I don't find that argument persuasive. Final decisions on appeal in the IRS
are not published either (perhaps for the reasons I outlined above) even though
they are often the final word on the matter. The fact that the federal
government has a specialized Tax Court to appeal to strikes me as
irrelevant---taxpayers can also appeal to the District Court or Claims Court
(provided the disputed tax is first paid). While these courts have the
responsibility to "find facts" as well as settle law, the facts are normally
not in dispute at that level. The primary responsibility of these courts is
therefore not to develop facts but to settle what the law is. Should a
taxpayer wish to appeal an IRS final determination to one of these courts, much
like an appeal of a Kentucky Revenue decision to its independent court system,
there is an implicit agreement that the facts of the case and the legal
determination will be on the public record. As such, I'm not convinced
Kentucky has not drawn the proper balance between privacy, administrative
burdens and costs on the one hand, and the benefit of these agency
determinations as non-binding guidance on the other. It is quite possible they
actually do "get it", but I reckon reasonable persons could disagree on where
the proper balance should be struck.

Cara Griffith's pictureCara GriffithJan 30, 2013

Vivian-You are correct. Private letter rulings and administrative agency
determinations are two different documents. We found that 45 states will issue
private letter rulings (though the documents have different names in different
states). Thirty-five of those states publish the letter rulings in redacted
form. Letter rulings are applicable only to a single taxpayer, but they provide
valuable guidance on how the taxing authority will apply the law given a set of
facts.

Taxpayers and practitioners want to have letter rulings available because it
represents guidance and most tax administrators seem to think that if they did
the research to prepare the guidance, they might as well publish it. In
addition, because state tax authorities have a significant amount of discretion
in how they apply their tax laws, publication of letter rulings provides a
means of checking to see if the taxing authority is using their discretion
consistently.

Rulings from an administrative adjudicatory body that regularly hears tax cases
are another document that most states publish (in redacted form). There are a
few standout states that do not publish these rulings or publish very few of
these rulings.

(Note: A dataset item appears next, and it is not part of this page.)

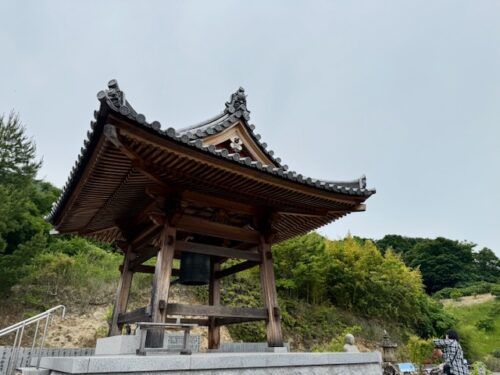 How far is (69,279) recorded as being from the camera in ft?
48.4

These rulings are important because most states do not have an
independent tax tribunal (similar to the U.S. Tax Court), so these rulings may
be the only document published about a particular case and therefore represent
valuable guidance.

You are correct that many cases settle out of court. But it is not only
taxpayers that are trying to get cases to settle because they don’t want to “go
public.” State taxing authorities are increasingly sophisticated are know the
cases they want to move and those they want to table.

There is always a give and take when determining what to publish and
practitioners understand what they can rely on and what they can’t. But by
ensuring that private letter rulings and administrative-level rulings are
published is one means of keeping an eye on whether similarly-situated
taxpayers are treated in a similar fashion.